## Problem description
Would you output the entries below only from the line containing "Младият Маркс Н." through the line containing "God Bless You page 24", exactly as they stand and with both ends included?

** Opening Data extracts block **

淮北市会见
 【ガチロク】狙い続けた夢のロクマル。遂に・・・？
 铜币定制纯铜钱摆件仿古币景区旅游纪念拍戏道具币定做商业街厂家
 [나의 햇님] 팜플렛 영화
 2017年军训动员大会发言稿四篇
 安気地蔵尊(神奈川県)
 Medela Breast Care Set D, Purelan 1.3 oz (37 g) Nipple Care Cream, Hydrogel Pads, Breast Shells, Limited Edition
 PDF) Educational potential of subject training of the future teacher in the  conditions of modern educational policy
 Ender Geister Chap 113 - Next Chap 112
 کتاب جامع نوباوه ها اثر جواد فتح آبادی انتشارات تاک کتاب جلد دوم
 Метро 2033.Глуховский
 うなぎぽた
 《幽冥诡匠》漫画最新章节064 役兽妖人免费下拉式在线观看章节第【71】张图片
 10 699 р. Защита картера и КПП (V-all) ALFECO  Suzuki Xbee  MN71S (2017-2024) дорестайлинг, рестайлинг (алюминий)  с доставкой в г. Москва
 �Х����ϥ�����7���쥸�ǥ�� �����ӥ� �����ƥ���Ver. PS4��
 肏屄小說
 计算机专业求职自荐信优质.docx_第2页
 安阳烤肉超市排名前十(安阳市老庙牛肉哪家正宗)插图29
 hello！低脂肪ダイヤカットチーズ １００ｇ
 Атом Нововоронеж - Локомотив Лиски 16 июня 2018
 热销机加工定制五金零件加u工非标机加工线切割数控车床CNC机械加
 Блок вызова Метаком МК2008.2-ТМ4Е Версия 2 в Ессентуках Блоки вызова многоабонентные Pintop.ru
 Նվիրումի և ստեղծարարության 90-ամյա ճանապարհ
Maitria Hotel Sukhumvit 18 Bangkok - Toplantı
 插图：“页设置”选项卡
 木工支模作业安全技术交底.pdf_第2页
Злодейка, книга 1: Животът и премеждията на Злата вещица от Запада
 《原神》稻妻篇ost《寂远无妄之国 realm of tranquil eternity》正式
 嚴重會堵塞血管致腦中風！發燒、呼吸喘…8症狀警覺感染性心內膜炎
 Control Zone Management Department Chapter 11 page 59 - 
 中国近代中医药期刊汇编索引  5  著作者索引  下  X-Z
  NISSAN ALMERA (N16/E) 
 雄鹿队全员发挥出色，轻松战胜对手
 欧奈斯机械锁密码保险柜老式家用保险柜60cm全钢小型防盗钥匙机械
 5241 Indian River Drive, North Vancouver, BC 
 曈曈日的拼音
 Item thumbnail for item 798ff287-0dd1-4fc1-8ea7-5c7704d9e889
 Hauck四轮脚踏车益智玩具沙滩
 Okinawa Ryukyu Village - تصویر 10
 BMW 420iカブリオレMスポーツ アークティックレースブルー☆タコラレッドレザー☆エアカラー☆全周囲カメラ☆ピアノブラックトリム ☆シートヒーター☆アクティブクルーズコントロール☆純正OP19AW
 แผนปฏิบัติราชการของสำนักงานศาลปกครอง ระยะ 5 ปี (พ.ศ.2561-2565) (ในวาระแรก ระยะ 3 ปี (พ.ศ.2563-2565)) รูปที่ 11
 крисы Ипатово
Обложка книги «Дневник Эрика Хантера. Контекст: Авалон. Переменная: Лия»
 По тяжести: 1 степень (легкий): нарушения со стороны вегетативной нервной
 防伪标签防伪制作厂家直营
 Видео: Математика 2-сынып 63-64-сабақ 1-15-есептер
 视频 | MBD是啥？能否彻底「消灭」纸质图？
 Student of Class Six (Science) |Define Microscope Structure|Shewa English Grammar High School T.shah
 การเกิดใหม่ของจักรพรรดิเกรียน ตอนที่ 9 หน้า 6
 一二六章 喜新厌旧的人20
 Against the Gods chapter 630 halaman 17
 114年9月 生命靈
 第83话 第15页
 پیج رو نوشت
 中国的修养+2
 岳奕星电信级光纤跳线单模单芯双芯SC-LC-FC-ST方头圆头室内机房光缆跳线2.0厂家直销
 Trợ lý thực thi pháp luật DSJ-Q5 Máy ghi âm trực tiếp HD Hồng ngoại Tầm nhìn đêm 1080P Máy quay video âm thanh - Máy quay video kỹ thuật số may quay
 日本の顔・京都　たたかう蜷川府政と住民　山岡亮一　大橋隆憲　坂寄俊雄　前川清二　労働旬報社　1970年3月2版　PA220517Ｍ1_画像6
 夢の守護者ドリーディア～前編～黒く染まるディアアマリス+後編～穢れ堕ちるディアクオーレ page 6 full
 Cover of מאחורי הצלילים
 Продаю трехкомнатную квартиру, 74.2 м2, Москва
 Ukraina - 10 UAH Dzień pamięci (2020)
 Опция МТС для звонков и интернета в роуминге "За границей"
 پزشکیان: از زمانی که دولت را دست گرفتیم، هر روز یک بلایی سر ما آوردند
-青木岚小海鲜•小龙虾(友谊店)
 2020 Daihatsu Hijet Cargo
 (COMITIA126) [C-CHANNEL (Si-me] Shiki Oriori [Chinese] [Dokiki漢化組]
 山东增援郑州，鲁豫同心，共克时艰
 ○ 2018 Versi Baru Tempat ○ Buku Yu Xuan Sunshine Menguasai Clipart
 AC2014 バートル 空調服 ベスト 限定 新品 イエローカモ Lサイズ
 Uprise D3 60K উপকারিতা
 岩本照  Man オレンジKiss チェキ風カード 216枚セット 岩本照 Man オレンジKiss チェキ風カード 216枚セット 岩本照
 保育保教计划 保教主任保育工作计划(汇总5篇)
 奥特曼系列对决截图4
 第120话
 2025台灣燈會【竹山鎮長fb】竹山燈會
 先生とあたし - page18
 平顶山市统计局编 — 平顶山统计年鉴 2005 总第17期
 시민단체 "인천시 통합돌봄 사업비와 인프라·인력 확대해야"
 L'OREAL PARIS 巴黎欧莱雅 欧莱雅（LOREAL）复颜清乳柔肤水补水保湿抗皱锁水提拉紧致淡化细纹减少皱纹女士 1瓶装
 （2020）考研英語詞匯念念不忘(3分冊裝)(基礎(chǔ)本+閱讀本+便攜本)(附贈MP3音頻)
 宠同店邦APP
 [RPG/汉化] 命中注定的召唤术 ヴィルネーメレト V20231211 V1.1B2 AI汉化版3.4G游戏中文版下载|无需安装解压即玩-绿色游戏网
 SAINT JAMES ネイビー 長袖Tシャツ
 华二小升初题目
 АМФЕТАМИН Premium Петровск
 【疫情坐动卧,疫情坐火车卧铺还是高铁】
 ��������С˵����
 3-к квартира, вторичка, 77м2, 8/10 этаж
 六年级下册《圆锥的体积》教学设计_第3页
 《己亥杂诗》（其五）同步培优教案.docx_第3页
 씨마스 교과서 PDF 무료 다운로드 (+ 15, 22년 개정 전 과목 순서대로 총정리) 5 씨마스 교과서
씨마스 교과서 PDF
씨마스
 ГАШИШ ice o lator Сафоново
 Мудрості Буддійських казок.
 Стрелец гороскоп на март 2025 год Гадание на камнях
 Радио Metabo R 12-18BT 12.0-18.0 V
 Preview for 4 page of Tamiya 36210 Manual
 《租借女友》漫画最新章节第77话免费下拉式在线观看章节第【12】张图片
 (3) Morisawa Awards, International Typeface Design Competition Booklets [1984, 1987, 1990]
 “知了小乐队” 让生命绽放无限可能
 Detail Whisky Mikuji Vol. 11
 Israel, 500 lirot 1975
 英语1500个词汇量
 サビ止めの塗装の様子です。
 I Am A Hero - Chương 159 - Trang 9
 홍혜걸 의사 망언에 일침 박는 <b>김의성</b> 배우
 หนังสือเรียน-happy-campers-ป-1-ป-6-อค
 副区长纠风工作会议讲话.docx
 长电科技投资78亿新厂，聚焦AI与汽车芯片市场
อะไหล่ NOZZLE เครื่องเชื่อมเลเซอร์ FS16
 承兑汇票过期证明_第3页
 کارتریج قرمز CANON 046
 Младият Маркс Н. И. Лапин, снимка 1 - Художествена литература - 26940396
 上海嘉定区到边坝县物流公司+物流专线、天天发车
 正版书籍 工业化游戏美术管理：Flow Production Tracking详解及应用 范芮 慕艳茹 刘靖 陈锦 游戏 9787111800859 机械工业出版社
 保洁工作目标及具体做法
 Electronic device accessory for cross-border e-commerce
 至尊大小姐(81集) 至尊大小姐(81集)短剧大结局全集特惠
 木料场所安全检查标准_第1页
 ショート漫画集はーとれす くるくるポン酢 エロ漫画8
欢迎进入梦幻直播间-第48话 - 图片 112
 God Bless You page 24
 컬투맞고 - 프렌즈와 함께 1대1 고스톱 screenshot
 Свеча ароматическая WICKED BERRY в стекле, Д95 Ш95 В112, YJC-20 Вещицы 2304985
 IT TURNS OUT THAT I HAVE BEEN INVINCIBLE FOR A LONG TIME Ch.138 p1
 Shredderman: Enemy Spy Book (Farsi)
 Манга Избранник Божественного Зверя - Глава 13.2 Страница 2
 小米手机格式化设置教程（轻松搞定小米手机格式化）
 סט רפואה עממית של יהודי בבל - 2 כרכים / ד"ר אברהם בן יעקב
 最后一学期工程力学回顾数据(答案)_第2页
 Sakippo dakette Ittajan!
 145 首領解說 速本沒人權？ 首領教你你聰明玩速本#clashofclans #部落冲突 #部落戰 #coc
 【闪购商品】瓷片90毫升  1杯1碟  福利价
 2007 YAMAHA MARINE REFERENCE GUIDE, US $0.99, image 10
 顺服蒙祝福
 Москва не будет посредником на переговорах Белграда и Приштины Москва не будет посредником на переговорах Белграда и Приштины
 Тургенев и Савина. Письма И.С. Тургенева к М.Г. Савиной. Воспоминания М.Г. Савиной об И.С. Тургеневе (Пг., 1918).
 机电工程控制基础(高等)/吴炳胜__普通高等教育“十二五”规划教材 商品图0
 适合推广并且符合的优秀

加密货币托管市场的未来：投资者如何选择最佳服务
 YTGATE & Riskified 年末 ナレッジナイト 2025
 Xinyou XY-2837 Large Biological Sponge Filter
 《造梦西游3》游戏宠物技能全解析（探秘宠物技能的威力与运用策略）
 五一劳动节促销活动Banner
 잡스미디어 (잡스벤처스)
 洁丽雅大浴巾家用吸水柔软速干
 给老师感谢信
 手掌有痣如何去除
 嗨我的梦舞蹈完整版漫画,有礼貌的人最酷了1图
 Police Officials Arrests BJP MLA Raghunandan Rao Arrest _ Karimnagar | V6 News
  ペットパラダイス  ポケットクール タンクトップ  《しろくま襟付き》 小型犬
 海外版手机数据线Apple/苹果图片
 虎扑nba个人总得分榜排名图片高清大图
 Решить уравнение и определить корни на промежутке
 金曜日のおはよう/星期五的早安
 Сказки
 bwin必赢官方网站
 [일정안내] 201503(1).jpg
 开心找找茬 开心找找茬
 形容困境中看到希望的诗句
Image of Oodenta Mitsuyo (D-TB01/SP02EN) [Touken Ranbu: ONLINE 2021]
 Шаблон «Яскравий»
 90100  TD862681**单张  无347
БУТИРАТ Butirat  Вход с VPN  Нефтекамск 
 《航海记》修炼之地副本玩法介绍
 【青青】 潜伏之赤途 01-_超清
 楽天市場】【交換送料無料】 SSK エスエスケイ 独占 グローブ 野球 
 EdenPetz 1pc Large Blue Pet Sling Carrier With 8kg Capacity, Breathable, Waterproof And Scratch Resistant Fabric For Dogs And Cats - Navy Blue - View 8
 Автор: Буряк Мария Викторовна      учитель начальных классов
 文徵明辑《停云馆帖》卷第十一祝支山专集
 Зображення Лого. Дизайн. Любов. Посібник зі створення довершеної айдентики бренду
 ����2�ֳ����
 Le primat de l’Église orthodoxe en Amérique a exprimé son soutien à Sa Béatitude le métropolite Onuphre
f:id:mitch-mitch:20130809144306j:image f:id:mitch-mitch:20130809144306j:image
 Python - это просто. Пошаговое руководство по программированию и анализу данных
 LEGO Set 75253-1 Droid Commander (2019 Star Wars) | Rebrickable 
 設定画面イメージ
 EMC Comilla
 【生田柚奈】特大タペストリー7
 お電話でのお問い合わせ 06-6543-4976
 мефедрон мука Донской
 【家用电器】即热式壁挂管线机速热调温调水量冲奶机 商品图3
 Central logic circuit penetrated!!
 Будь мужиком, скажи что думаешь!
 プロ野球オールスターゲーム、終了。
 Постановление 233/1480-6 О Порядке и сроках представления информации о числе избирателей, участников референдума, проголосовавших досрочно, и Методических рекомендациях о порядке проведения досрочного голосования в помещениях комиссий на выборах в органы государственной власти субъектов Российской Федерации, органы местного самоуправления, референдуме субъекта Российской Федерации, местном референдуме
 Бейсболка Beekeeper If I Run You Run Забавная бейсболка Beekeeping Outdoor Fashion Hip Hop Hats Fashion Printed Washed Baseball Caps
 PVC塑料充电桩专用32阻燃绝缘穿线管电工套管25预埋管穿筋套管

** Closing Data extracts block **

## Response to this exercise
 Младият Маркс Н. И. Лапин, снимка 1 - Художествена литература - 26940396
 上海嘉定区到边坝县物流公司+物流专线、天天发车
 正版书籍 工业化游戏美术管理：Flow Production Tracking详解及应用 范芮 慕艳茹 刘靖 陈锦 游戏 9787111800859 机械工业出版社
 保洁工作目标及具体做法
 Electronic device accessory for cross-border e-commerce
 至尊大小姐(81集) 至尊大小姐(81集)短剧大结局全集特惠
 木料场所安全检查标准_第1页
 ショート漫画集はーとれす くるくるポン酢 エロ漫画8
欢迎进入梦幻直播间-第48话 - 图片 112
 God Bless You page 24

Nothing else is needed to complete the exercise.